EX 7Functions worth memorisingNSEch06/07_handy_functions.py
# A grab-bag of popular NumPy functions you'll use on price data.
import numpy as np

closes = np.array([1305.0, 1298.5, 1310.4, 1318.6, 1312.7])

print("diff    :", np.diff(closes))               # day-to-day change
print("abs     :", np.abs(np.diff(closes)))       # size of move, sign dropped
print("round   :", np.round(closes, 0))           # round to whole rupees
print("sqrt    :", np.round(np.sqrt(closes), 1))
print("maximum :", np.maximum(closes, 1310))      # floor each value at 1310
print("sort    :", np.sort(closes))               # ascending
print("unique  :", np.unique([5, 5, 10, 20, 20])) # distinct values, sorted
Live output
diff    : [-6.5 11.9  8.2 -5.9]
abs     : [ 6.5 11.9  8.2  5.9]
round   : [1305. 1298. 1310. 1319. 1313.]
sqrt    : [36.1 36.  36.2 36.3 36.2]
maximum : [1310.  1310.  1310.4 1318.6 1312.7]
sort    : [1298.5 1305.  1310.4 1312.7 1318.6]
unique  : [ 5 10 20]

diff gives day-to-day changes, abs drops the sign, round tidies decimals, maximum floors values, and sort/unique reorder and de-duplicate.

A quick look at 2D arrays

Real market data is often a table - several stocks over several days. That's a 2D array: rows and columns. The key new idea is axis: axis=1 works across each row, axis=0 down each column.
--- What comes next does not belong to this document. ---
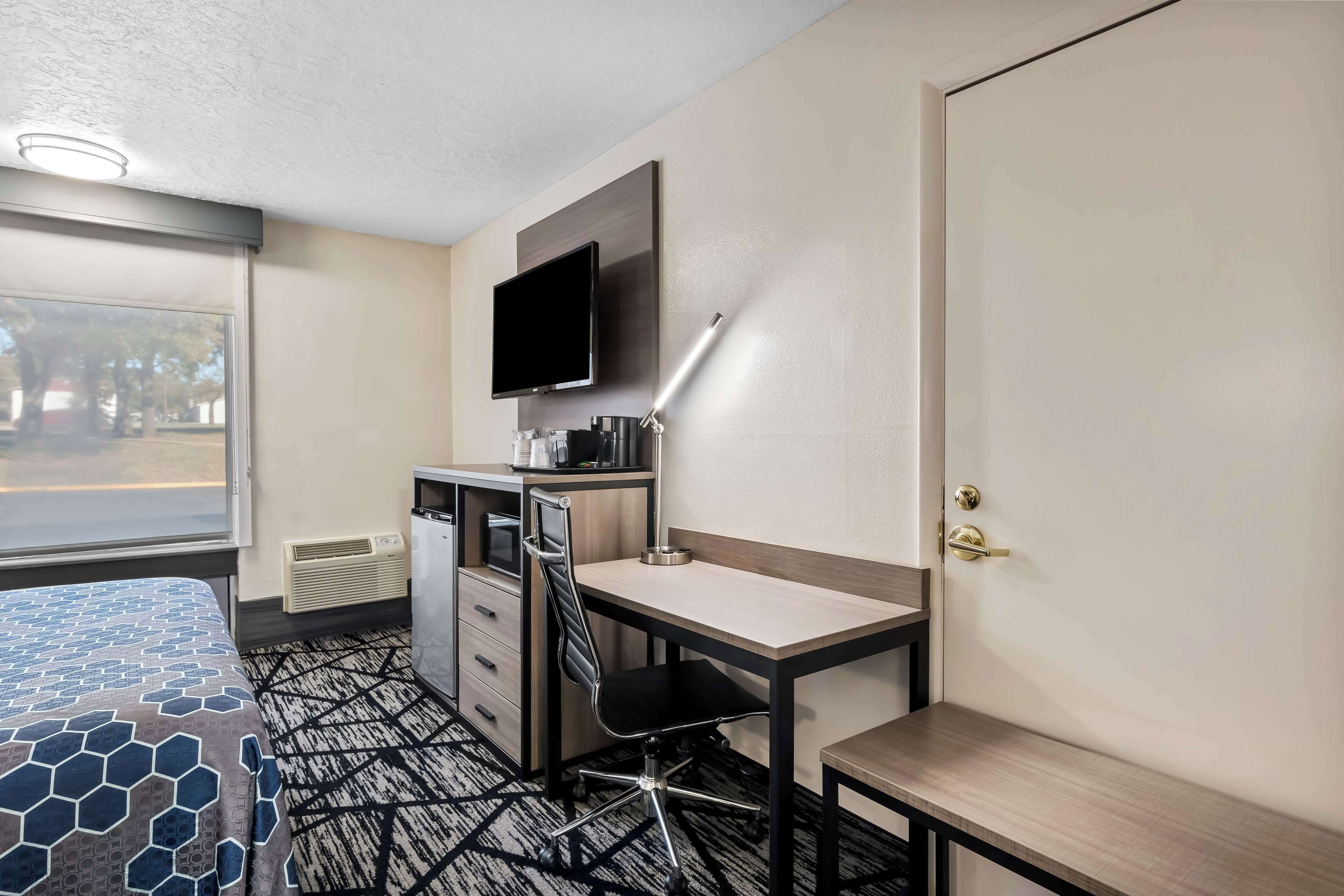 Quarto de hotel com cama, escrivaninha, cadeira, televisão e janela.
EX 8Rows, columns and the axis argumentNSEch06/08_2d_arrays.py
# A 2D array is a table: here three stocks (rows) over four days (columns).
import numpy as np

# rows = RELIANCE, TCS, INFY ; columns = Mon..Thu closes
prices = np.array([
    [1305.0, 1298.5, 1310.4, 1312.7],
    [2068.0, 2090.5, 2075.0, 2081.25],
    [1052.0, 1041.3, 1055.8, 1048.5],
])

print("shape        :", prices.shape)        # (3, 4) -> 3 rows, 4 columns
print("INFY row     :", prices[2])           # the third stock
print("Thu column   :", prices[:, -1])       # last day, every stock
print("Per-stock avg:", np.round(prices.mean(axis=1), 1))  # across each row
print("Per-day avg  :", np.round(prices.mean(axis=0), 1))  # down each column
print("Reshaped     :", np.arange(6).reshape(2, 3))
Live output
shape        : (3, 4)
INFY row     : [1052.  1041.3 1055.8 1048.5]
Thu column   : [1312.7  2081.25 1048.5 ]
Per-stock avg: [1306.6 2078.7 1049.4]
Per-day avg  : [1475.  1476.8 1480.4 1480.8]
Reshaped     : [[0 1 2]
 [3 4 5]]

prices[2] picks a row (one stock), prices[:, -1] picks a column (one day across all stocks), and reshape rearranges the same numbers into a new shape.

Try it yourself

  • Change the numbers in closes to a stock you follow and re-run the aggregations - is its std larger or smaller than RELIANCE's?
  • In the mask example, switch > avg to < avg to keep the below-average days instead.
  • In the 2D example, add a fourth stock as a new row and confirm the per-stock average still lines up.

Recap

  • An array (np.array) is a row of numbers built for maths; arange, zeros, ones, full, linspace build common ones.
  • Check shape, ndim, size and dtype to understand any array.
  • Index and slice by position - [-1] is the latest, a[-5:] the last five, a[::2] every second.
  • Vectorised math and broadcasting apply an operation to the whole array at once - no loops.
  • Summaries (mean, max, min, std, median, cumsum) and handy functions (diff, abs, round, maximum, sort, unique) turn raw numbers into answers.
  • Boolean masks + np.where ask a question of every element - the seed of every signal.
  • 2D arrays are tables; the axis argument chooses rows (axis=1) or columns (axis=0).

That's the fast-math foundation. Next we wrap these arrays in pandas - labelled tables with dates, rolling windows and group-bys - where real market analysis gets comfortable.